Databricks CDC Interview: The 200GB/Day Pipeline with SCD Type 2
Why custom MERGE logic is the trap, and how AUTO CDC + Liquid Clustering is the senior answer that wins FAANG offers
Senior Databricks Engineer Interview: “Design a CDC (Change Data Capture) pipeline for 200GB/day of database changes with < 15 min freshness. You must maintain full SCD Type 2 history.”
(Hint: Writing your own MERGE logic is the trap).
This isn’t just about moving data. It’s a test of handling complexity at scale. You have to balance correctness (handling out-of-order data), performance (merging into massive tables), and storage costs (rewrite amplification).

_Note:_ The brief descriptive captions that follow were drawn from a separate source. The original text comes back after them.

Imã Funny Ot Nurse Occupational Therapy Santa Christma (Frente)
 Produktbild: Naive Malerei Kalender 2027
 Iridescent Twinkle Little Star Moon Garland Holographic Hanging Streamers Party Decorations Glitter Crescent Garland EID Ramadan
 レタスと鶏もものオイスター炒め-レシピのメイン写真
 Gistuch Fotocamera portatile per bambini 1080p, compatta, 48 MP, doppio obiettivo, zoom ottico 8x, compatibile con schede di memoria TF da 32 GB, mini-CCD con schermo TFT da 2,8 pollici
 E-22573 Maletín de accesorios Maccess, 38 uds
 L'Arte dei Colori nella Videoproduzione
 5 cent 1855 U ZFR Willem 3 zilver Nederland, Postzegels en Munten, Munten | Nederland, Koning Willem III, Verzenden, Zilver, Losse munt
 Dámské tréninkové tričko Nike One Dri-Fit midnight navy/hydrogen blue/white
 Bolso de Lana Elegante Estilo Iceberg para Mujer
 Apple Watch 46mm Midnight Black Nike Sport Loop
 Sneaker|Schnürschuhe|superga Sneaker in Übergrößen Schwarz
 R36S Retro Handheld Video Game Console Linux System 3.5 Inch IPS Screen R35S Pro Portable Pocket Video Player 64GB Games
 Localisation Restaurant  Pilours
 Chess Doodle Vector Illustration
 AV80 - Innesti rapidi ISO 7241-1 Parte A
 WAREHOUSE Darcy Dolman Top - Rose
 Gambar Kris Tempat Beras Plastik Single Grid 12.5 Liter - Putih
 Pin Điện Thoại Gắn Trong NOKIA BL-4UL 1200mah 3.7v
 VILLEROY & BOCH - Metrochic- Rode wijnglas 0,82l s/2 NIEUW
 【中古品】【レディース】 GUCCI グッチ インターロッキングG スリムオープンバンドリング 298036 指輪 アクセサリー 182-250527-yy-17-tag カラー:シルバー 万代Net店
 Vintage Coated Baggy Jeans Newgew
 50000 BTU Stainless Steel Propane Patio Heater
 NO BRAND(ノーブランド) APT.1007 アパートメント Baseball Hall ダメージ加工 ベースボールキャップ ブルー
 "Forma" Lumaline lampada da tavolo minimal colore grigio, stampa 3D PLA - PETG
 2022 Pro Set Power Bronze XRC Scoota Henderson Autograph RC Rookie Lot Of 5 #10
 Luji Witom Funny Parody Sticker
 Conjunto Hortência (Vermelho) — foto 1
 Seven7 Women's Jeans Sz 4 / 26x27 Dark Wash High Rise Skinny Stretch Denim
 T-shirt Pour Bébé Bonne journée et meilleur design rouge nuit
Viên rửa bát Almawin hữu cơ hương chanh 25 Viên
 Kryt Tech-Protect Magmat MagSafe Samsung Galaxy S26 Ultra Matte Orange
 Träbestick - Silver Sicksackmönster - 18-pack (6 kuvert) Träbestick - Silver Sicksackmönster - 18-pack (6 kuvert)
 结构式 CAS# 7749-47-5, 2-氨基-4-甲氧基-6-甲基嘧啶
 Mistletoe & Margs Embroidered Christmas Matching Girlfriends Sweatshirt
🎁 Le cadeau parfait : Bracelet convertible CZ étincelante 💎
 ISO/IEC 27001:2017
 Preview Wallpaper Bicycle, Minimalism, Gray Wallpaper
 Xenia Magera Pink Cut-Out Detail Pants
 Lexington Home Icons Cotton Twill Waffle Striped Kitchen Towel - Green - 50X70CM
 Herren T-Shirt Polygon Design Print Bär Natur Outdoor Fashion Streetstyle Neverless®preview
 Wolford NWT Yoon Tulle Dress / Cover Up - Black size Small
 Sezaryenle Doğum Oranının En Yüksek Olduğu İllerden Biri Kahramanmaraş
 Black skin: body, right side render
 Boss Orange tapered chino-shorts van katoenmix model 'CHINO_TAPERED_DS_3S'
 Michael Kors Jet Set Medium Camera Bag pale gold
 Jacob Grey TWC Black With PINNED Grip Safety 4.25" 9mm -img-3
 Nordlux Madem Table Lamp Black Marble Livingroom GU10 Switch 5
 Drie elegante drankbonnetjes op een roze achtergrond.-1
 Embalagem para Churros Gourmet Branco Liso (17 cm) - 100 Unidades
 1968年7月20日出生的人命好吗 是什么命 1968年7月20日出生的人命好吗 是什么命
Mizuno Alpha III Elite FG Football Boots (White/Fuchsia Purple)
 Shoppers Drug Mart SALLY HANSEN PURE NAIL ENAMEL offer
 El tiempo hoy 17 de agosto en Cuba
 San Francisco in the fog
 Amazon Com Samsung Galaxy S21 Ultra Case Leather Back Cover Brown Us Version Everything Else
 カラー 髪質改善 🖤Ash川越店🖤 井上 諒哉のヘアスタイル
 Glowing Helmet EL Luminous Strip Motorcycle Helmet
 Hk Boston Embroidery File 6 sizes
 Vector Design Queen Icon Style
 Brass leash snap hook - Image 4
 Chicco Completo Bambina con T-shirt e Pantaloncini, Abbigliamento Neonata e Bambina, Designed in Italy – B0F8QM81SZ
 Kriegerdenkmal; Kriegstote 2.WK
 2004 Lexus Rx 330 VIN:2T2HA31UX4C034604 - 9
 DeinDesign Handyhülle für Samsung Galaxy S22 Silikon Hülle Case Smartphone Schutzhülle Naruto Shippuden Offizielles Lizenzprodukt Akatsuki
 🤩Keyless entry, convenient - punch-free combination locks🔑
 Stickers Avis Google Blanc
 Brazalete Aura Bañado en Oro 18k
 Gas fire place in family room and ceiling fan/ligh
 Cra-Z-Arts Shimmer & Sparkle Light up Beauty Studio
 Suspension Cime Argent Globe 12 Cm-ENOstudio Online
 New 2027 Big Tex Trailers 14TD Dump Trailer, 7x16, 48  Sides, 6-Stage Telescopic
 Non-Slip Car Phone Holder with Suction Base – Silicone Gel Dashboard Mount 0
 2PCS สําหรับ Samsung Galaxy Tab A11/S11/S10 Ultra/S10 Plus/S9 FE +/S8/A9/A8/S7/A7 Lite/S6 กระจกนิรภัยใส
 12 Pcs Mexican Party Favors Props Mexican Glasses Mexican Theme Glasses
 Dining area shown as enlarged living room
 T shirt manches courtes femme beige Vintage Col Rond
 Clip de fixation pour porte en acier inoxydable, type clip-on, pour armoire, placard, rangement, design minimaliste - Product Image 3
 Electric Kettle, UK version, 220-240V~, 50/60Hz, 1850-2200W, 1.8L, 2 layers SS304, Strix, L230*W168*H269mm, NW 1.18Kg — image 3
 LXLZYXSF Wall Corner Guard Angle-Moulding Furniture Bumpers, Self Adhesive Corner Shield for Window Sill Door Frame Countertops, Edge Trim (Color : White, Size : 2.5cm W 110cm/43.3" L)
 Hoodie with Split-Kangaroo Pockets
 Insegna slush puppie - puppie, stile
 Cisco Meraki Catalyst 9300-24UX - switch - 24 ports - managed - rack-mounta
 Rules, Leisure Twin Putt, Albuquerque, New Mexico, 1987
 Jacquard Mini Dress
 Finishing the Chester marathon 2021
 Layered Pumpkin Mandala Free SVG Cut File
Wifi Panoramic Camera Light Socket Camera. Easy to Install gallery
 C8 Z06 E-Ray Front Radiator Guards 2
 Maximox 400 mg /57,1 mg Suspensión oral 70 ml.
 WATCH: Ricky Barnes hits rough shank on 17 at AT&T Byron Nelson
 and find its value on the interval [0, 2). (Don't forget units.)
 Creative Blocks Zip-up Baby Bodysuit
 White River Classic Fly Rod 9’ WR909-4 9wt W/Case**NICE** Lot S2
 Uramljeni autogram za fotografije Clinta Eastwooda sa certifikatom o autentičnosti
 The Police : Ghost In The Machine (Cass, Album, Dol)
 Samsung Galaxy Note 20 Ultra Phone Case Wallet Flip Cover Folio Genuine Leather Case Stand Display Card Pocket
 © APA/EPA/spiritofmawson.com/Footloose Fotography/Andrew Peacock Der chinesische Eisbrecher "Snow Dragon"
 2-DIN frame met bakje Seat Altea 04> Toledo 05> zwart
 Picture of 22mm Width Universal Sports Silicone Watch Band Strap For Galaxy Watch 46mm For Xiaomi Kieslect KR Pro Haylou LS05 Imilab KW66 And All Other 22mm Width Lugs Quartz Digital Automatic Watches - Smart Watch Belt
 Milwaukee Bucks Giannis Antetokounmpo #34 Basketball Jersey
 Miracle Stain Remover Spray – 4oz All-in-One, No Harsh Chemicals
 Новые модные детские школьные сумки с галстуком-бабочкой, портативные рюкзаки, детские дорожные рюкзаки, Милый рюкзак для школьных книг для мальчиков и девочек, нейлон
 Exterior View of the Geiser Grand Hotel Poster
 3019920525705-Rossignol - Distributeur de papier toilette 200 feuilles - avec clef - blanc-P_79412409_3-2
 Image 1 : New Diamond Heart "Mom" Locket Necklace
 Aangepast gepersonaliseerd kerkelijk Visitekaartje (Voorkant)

A junior engineer writes complex PySpark code. A senior engineer simplifies the architecture.
Here’s the breakdown that gets you the offer.
⚙️ Trade-off 1: The Processing Logic - Custom Logic vs. Declarative Frameworks
Context: You need to apply inserts, updates, and deletes while maintaining SCD Type 2 history (tracking historical changes with start/end dates).
The Trap: Writing a custom MERGE INTO statement in PySpark/SQL. Juniors often think, “I know SQL, I’ll just write the Merge.” Then they hit reality: